▶ **Task statement**: Which lines below include "thumbnail"? Copy them all.

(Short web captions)
------------------------------

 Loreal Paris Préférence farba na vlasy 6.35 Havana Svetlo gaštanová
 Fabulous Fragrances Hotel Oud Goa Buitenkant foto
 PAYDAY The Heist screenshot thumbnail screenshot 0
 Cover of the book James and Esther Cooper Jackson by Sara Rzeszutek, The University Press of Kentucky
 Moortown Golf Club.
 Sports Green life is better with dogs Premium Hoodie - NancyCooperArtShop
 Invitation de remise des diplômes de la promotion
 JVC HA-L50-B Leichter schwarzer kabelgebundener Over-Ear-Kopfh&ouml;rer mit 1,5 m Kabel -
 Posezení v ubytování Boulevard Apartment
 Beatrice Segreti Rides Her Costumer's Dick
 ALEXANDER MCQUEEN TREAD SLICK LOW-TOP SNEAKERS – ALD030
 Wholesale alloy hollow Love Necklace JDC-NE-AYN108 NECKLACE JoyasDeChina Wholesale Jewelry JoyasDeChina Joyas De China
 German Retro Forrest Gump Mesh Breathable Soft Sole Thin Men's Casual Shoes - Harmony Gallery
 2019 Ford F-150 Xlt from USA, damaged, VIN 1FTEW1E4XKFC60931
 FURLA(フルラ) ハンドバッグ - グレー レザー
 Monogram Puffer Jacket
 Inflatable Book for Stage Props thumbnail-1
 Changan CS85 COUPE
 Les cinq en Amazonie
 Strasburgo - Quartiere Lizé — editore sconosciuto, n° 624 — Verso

------------------------------

▶ **Solution to the problem**:
 PAYDAY The Heist screenshot thumbnail screenshot 0
 Inflatable Book for Stage Props thumbnail-1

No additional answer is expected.